Like the original T1, the motor is at the back and drives the rear wheels. Nope, it’s not an air-cooled flat-four with a wheezy and smoky 30 horsepower. It’s an electric motor built into the rear axle rated at 201PS (150kW) backed by 310Nm (228kW) of torque and fed by a 77kWh battery pack under the floor. Fast? No. The top speed is governed to 90mph (145km/h) and 0-62mph is so far unspecified.
Also unspecified is the ID. Buzz’s electric range. The ID.4 with the same battery gets 308 miles but this MPV version will surely be doing well to match that, despite its slippery aerodynamics and reined-in performance. What VW does say is that a fast (up to 170kW) DC charger can give the batteries an 80 per cent top-up in 30 minutes, which is familiar from the other ID models.

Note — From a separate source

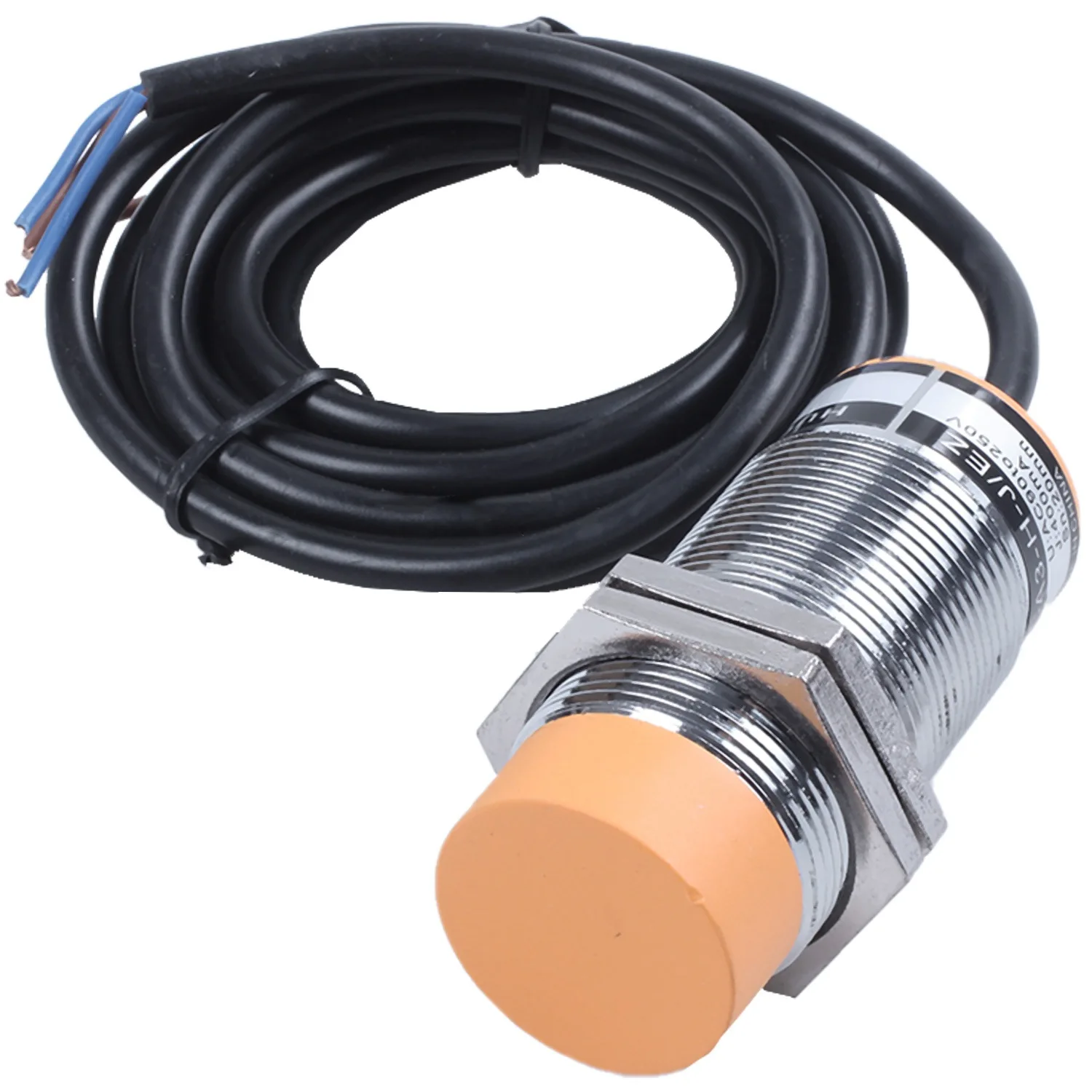 

LJC30A3-H-J/EZ AC 90-250V NO 2-wire Capacitance Proximity Sensor Switch Detector 0-20mm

Also familiar is the eight-year or 100,000-mile battery guarantee and pledge that at the end of their automotive life the batteries will be repurposed to store electricity from solar panels. A new thing with ID. Buzz is the ability to feed power back into the national grid – you could even plug in another of the ID family of vehicles for a quick top-up.
The ID. Buzz takes its clean energy credentials a step further by being what VW says is entirely carbon neutral – a phrase that embraces everything from offsetting emissions during manufacture to a ban on animal products (so no leather here) and a range of sustainable materials in the cabin made from recycled plastics.